“‘Do not listen to Hezekiah,’ for thus says the king of Assyria, ‘Make your peace with me and come out to me, and eat each of his vine and each of his fig tree and drink each of the waters of his own cistern, until I come and take you away to a land like your own land, a land of grain and new wine, a land of bread and vineyards.'” (Isaiah 36:16-17)
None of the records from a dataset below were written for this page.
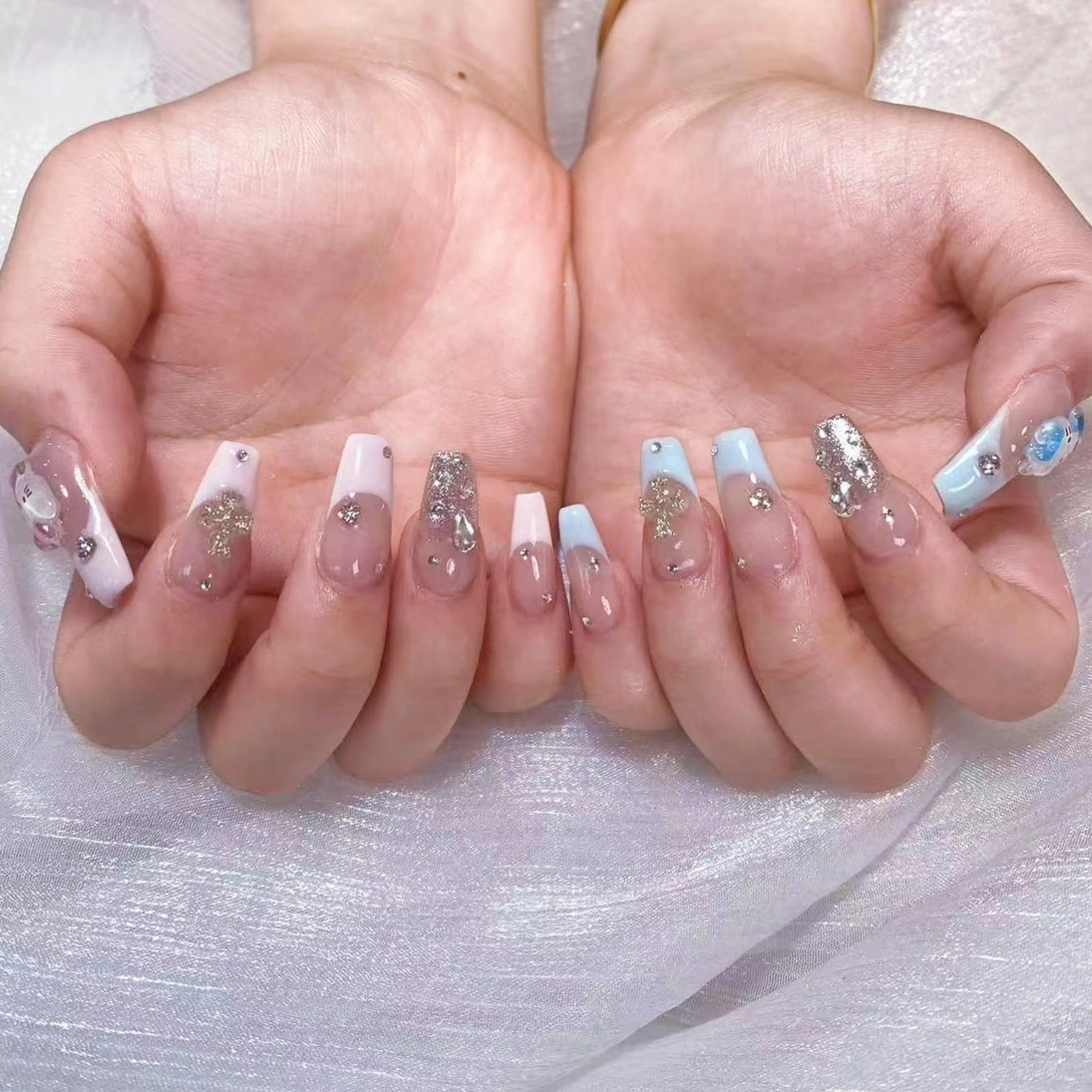 ネイル アートネイル オーロラネイル ガーリー キラキラネイル 韓国ネイル ハンドネイル DIAMOND 💅のネイルデザイン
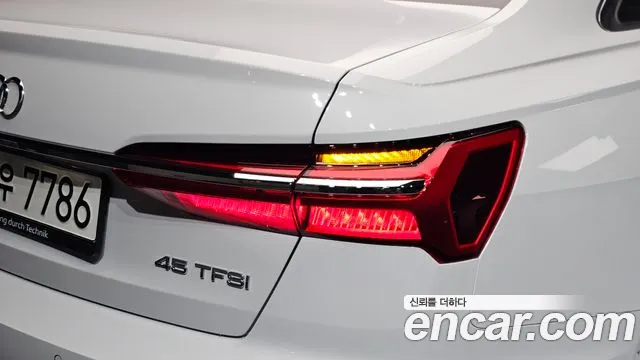 Audi A6 45 TFSI Premium — Фото автомобиля 21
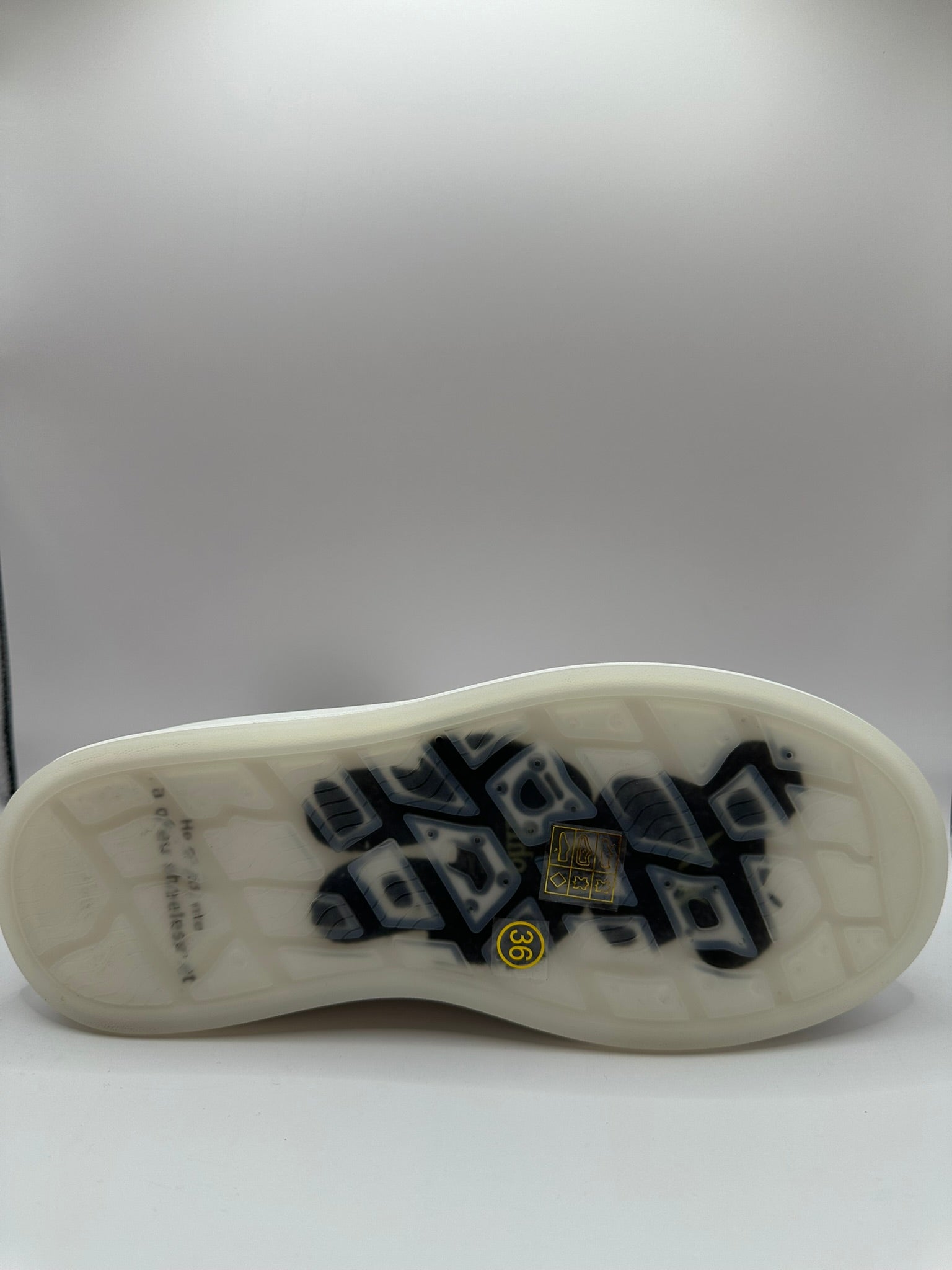 Adidasi Betina Scarpe 22126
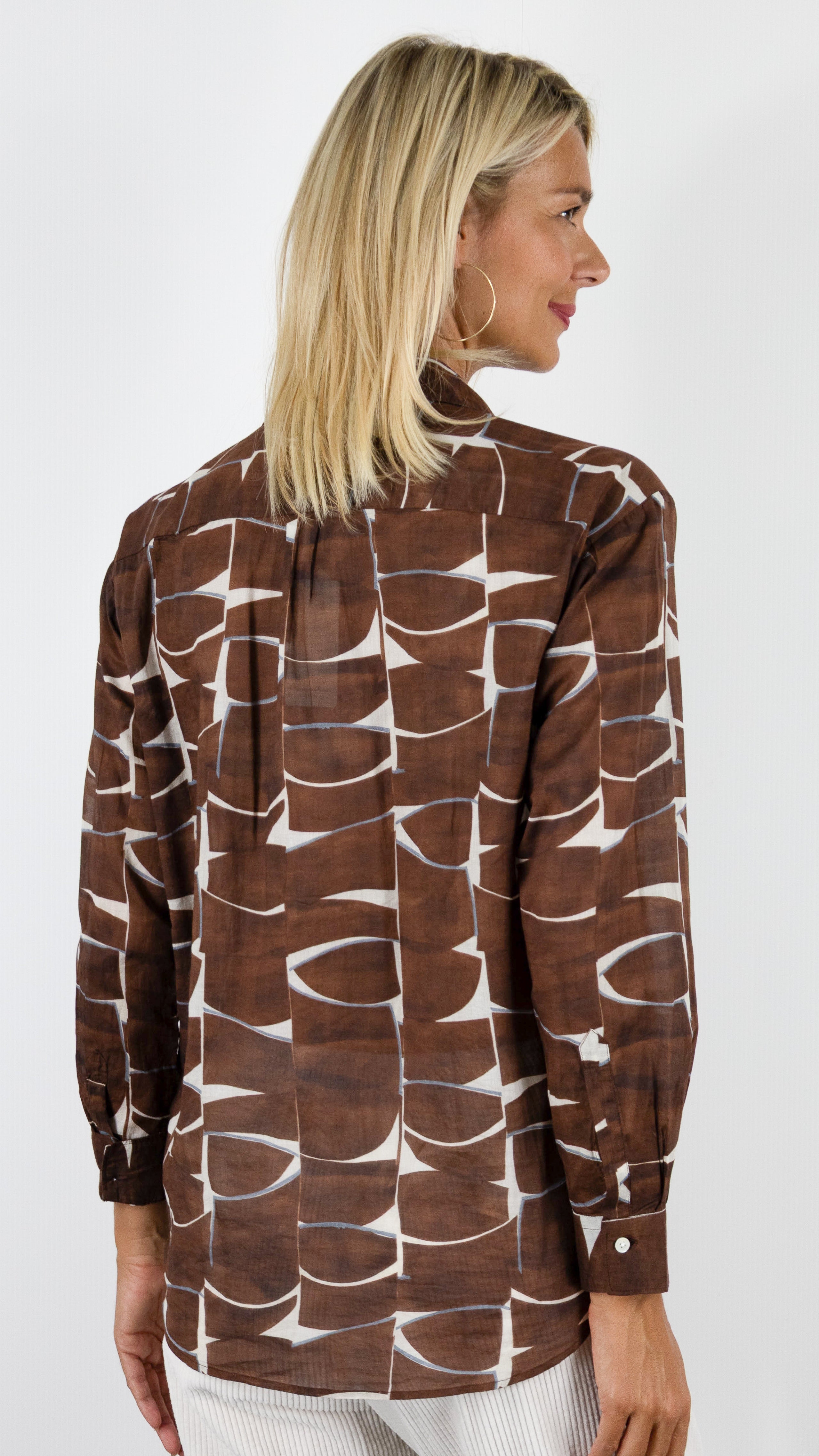 CHEMISE DROITE EN VOILE DE COTON IMPRIMEE POUR FEMME BGCH624 HARTFORD CINEMA#COLOR_01/BROWN CHOCO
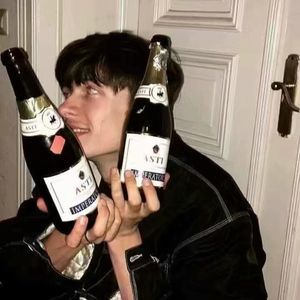 Meet your Posher, Anthony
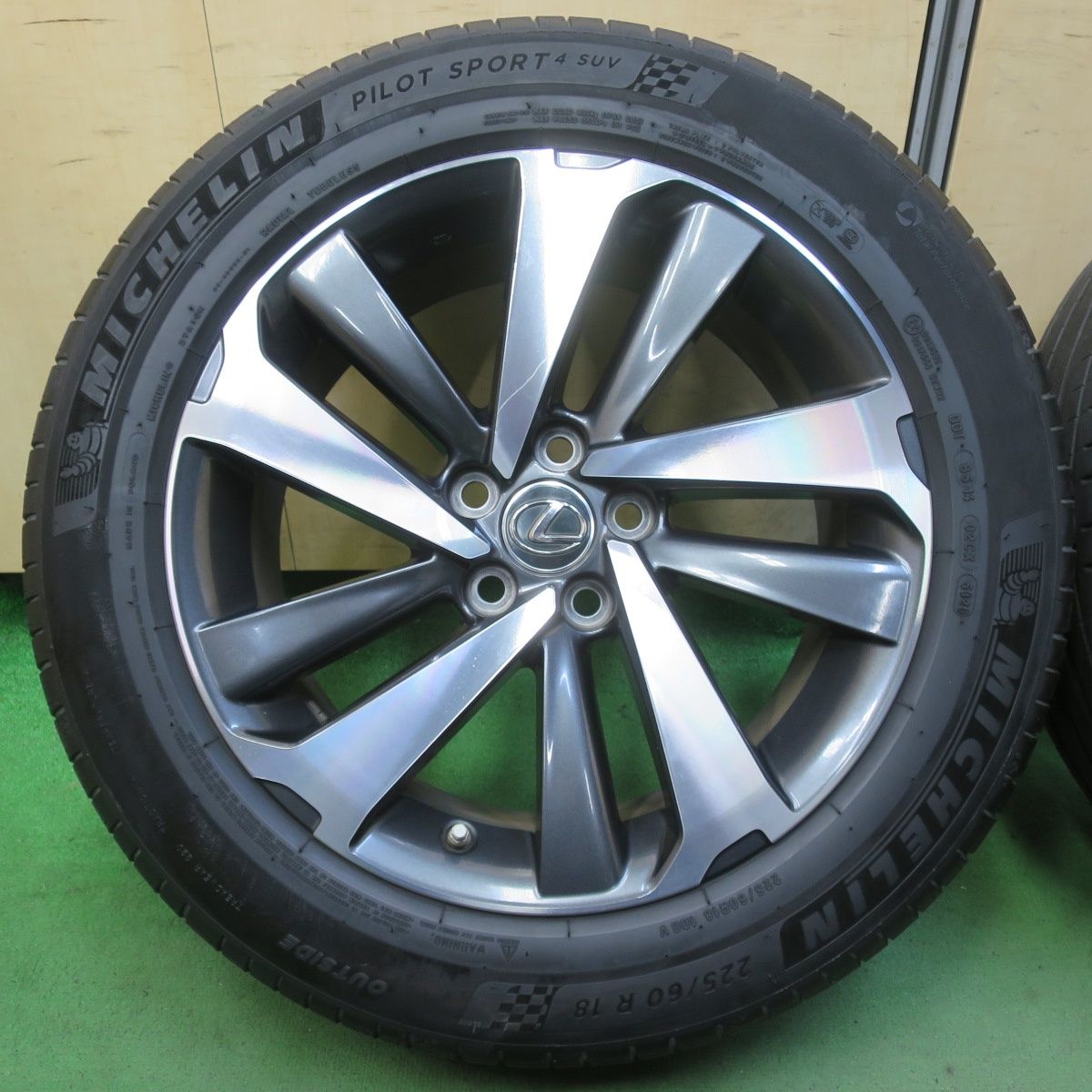 空気圧センサー付き☆レクサス NX バージョンL 純正 225/60R18 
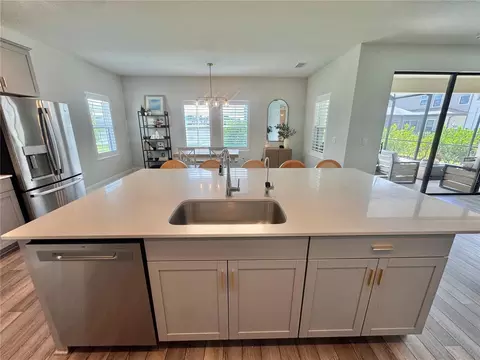 Kitchen - 7424 Rhubarb Dr, Parrish, FL 34219 photo 3 of 4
Isaiah 36 describes how Sennacherib’s army invaded Judah, seized all of their strongholds, and surrounded Jerusalem. The Babylonian general, Rabshakeh, mocked the beseiged Judeans, and called for their surrender. And he also made them an offer, found here in :16-17, to give them peace and provision in exchange for their surrender: “eat each of his vine … until I come and take you away to a land … of grain and new wine …”. Basically the offer was: trade the perilous place that your God has you in, for safety and prosperity — and surrender to the enemy.
That’s not much different from the offer that the enemy of our souls makes to many followers of Christ. When we are walking with God by faith, we may face times of disappointment, hardship, and even danger. Sometimes there is a little voice that would encourage us to take Rabshakeh’s “bargain” — to trade the hardships of Kingdom living, by faith, for “peace and security”, if we only give up that “radical” godly lifestyle and surrender to a compromised life.
It’s an attractive deal to many. If our greatest desire is peace and comfort and “security” then we will “sign the peace treaty” with the enemy — but we will also never see the glory of God and what He desired to do with us.
So you have a choice: worldly comfort & security, or radical trust in God? But you can’t have both.